Last Exit to Brooklyn erschien damals bei Rowohlt. Nach insgesamt vier Büchern war dort Schluss, Ullstein schob 1986 mit dem Lied vom stillen Schnee nach. Dann aber wurde es längere Zeit still um Hubert Selby jr., bis die Achilla Presse die Rechte an zwei Romanen erwarb, die bis dahin noch nicht in deutscher Übersetzung vorlagen. Willow Tree (Im Original The Willow Tree) kam im Jahr 2000 heraus, die 2. Auflage von Galgenfrist (Waiting Period) ist kürzlich erschienen
Zum Einstieg lässt Selby seinen lebensmüden Protagonisten etliche Seiten lang über Suizid und dessen verschiedenste Methoden monologisieren. Kopfwegpusten scheint er letztendlich zu favorisieren, aber alles nicht so einfach, denn zum Kopfwegpusten wäre eine Pistole gut. Aber: „Was mag wohl so eine Pistole kosten? Wie viel Gold ich wohl im Mund habe? Vielleicht sollte ich mir einen alten Nazi suchen, die können auf den ersten Blick sagen, was mein Gebiss wert ist.“ – Nun, nach kurzer Wartezeit und bürokratischen Hürden bekommt er seine Pistole, und dann ... wechselt er urplötzlich die Richtung. Der Leser erfährt, dass es sich bei ihm um einen Kriegsveteranen handelt, der sich von der für ihn zuständigen Veterans Administration benachteiligt und schikaniert sieht, und Selbstmord hin oder her: Langsam aber sicher realisiert er sein Verlangen, den einen oder anderen Vertreter des verhassten Systems mit in die Hölle zu nehmen: „Wenn es schon Tote geben muss, dann sollen wenigstens die Richtigen dran glauben müssen. Mich selbst umzubringen wäre gleichbedeutend mit Mord – die Hinrichtung eines unschuldigen Individuums.“ Seine Wahl fällt auf den Vorsitzenden der VA, einen gewissen Barnard. Er beginnt, Barnard auszuspionieren, philosophiert sich durch seine Sicht der Dinge und fängt an, einen bis ins kleinste Detail gehenden Mord mittels einer aus Apfelsaft und gammligem Hackfleisch selbstgezüchteten Bakterienkultur auszuarbeiten ..
Was soll man sagen: Sein Plan funktioniert. Leider kann er das neue Glück nur sehr phasenweise und kurz genießen, denn erstens gefällt es ihm plötzlich doch nicht mehr, dass Bernard so schnell der Vergiftung erlegen ist („Oh nein, er darf nicht sterben.

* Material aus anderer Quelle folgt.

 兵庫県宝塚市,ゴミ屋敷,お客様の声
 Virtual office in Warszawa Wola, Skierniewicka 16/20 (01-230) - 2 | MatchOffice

Er muss leben, unbedingt. Er soll für den Kummer und das Elend, das er angerichtet hat, bezahlen!“), und zweitens ist er ein äußerst wankelmütiger Geist, und so macht ihn auch die Feststellung, dass es ihm auf einmal besser geht, mehr als nervös: „Gesund und normal. Furchteinflößend. Spinnt man nicht, wenn man sich gesund und normal fühlt?“ Und wieder kommen die Selbstmordgedanken in ihm auf, bis er ... ja, bis er durch Zufall im Fernsehen auf einen Bericht stößt, der sein Interesse findet – ein jährlich stattfindendes Fest zu Ehren eines weißen Rassisten, der vor 30 Jahren des Mordes an zwei schwarzen Ärzten angeklagt war und durch eine ausschließlich weiße Jury freigesprochen wurde. Eine neue Aufgabe, die sich schnell als schwierig erweisen soll ...

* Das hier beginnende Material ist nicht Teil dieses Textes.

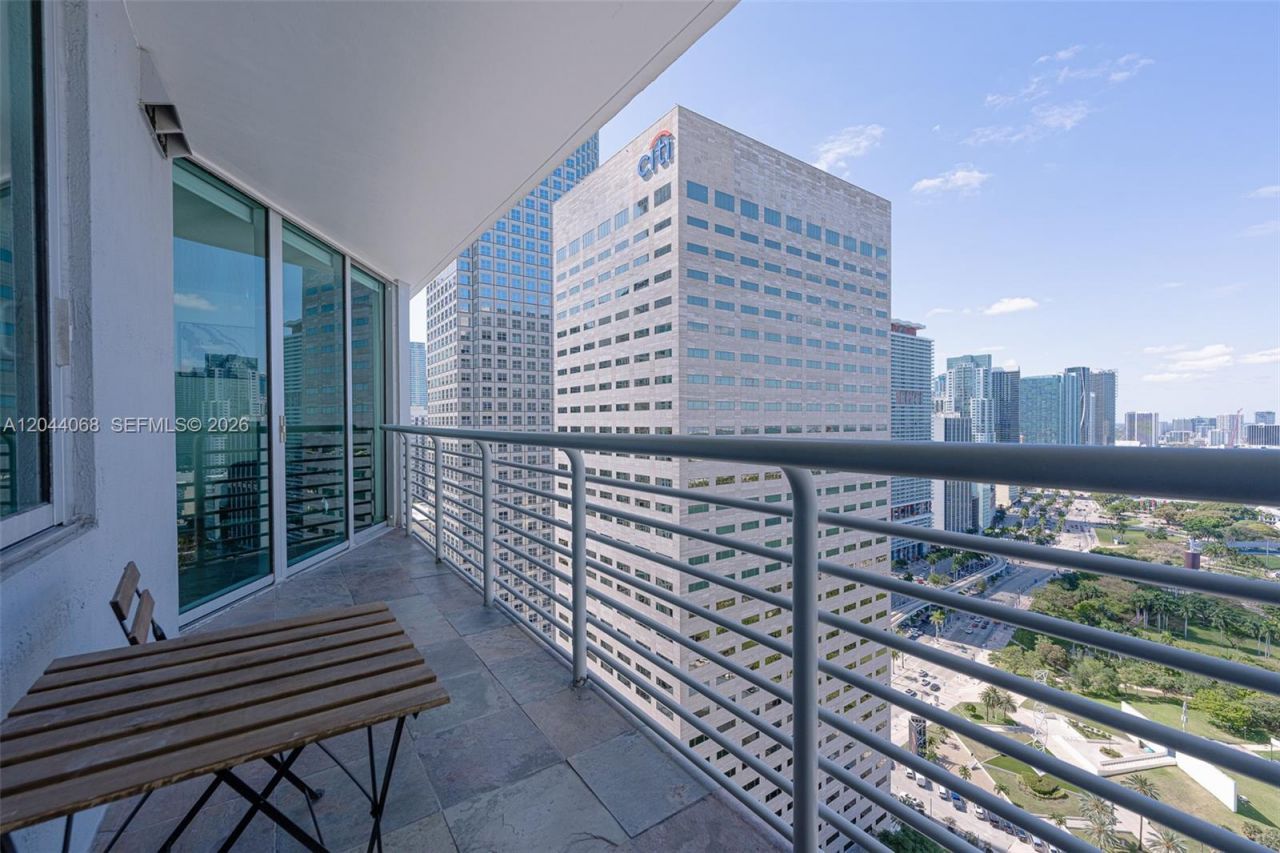 325 S Biscayne Blvd , Unit 3624, Miami, FL 33131 Photo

Der gesamte Text ist ein einziger, in sich selbst kreisender Monolog, ein Fluss aus wechselnden Emotionen, ein nicht abreißender Strom wildester Assoziationen, der in alle Richtungen mäandert, dennoch immer wieder in einem Grundtenor mündet: Die Welt ist ungerecht, das Leben eine sinnlose „Galgenfrist“. Ein Plädoyer für ein selbstbestimmtes Leben und gegen die sozialen Ungerechtigkeiten der Gesellschaft, welches lediglich durch einige kursiv gesetzte Stellen unterbrochen wird, in denen ein offenkundig allwissendes Medium über die Gedanken des Protagonisten spricht, wobei es ihn gleichzeitig zu lenken scheint.
Schon die früheren Bücher von Hubert Selby jr. haben polarisiert, und auch dieses legt es darauf an.